Some campaigners are hoping the incident may provide an opportunity for a government long cowed by Islamic radicals to finally to take stand against the country’s notorious blasphemy laws and their misuse.
Pakistan has long drawn criticism for laws that have landed thousands of people in prison, accused or convicted of insulting Mohammed or desecrating the Qur’an.
The twist in the case of Rimsha, a young girl with Down syndrome accused of burning pages of the Qur’an with other papers, appears to bear out what opponents have long been charging – that the laws are frequently abused and also offer a convenient way to settle scores, even those unrelated to religion.
Muslim clerics in Meherabadi, a slum on the outskirts of Islamabad where Rimsha lived, called over mosque loudspeakers last month for the girl to be burned alive, according to the Pakistan Christian Congress (PCC), after accusing her of burning pages of the Qur’an along with other garbage.
Police arrested and charged her, and when they refused to hand her over to fired-up Muslims a mob began to attack Christian homes in Meherabadi, prompting hundreds to flee.
The case appeared to be yet another in a long series of incidents that end either in accused “blasphemers” sentenced to lengthy prison terms or come to harm – even death – at the hands of vigilantes bent on punishing them outside the law, often while awaiting trial.
However, on Saturday police arrested an imam, Khalid Chishti, after witnesses came forward alleging that he had added two or three pages from a Qur’an to a shopping bag containing burned papers – supposedly the evidence of Rimsha’s offense.

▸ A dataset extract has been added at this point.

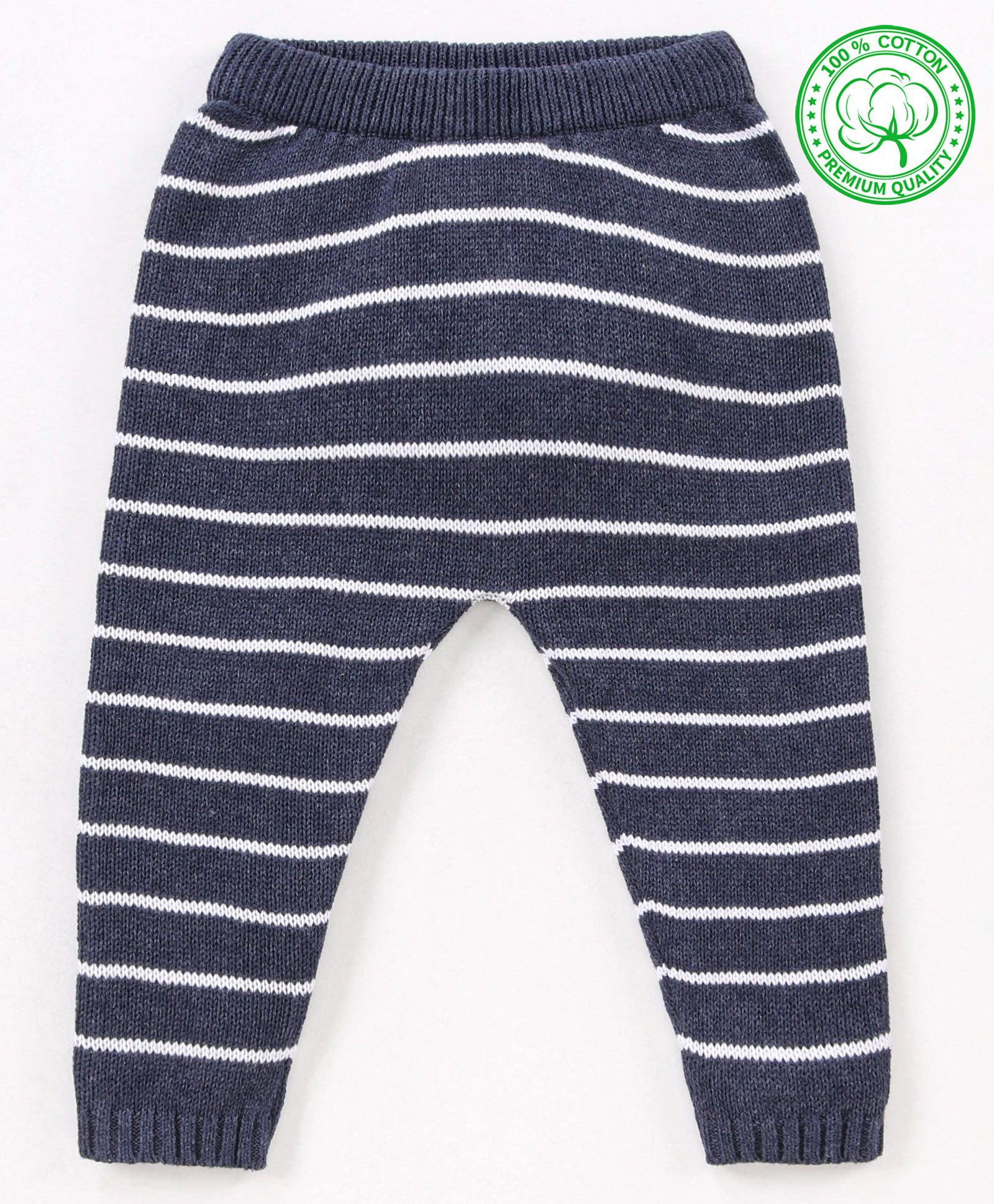 Babyhug 100% Organic Cotton Full Length Striped Fleece Pant - Navy-image-47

One of the witnesses, an assistant to Chishti, told Pakistani television he had informed the police that the imam had tempered with the evidence in a bid to bolster the case against the girl. Mohammad Zubair said Chishti had told him that would help to ensure that the case would lead to Christians’ departure from the area.
Chishti appeared briefly in court and has been remanded in custody for two weeks.
PCC president Nazir Bhatti praised Zubair for his “very daring step.” He urged the government to amend the blasphemy laws, saying they were “being widely misused to settle personal scores in Pakistan against Christians and Ahamadiyya communities.”
Meanwhile a senior Muslim cleric, Mohammad Mehmood Ashrafi, has come out publicly in support of Rimsha, pledging to make sure the girl will be protected after her release from custody, whenever that occurs. At a press conference in Islamabad, Ashrafi also called for a government investigation into the girl’s arrest.
Offering public support for a blasphemy victim has proven highly risky in the past: Last year two senior politicians were assassinated after advocating on behalf of Asia Bibi, the first Pakistani Christian woman to be sentenced to death on blasphemy charges.
Those two men, however were a liberal Muslim governor and a Christian federal cabinet minister. Ashrafi, by contrast, is the chairman of the All Pakistan Ulema Council, a respected religious body. Also, Ashrafi has stopped short of criticizing the blasphemy law itself, maintaining that the problem lies in its implementation.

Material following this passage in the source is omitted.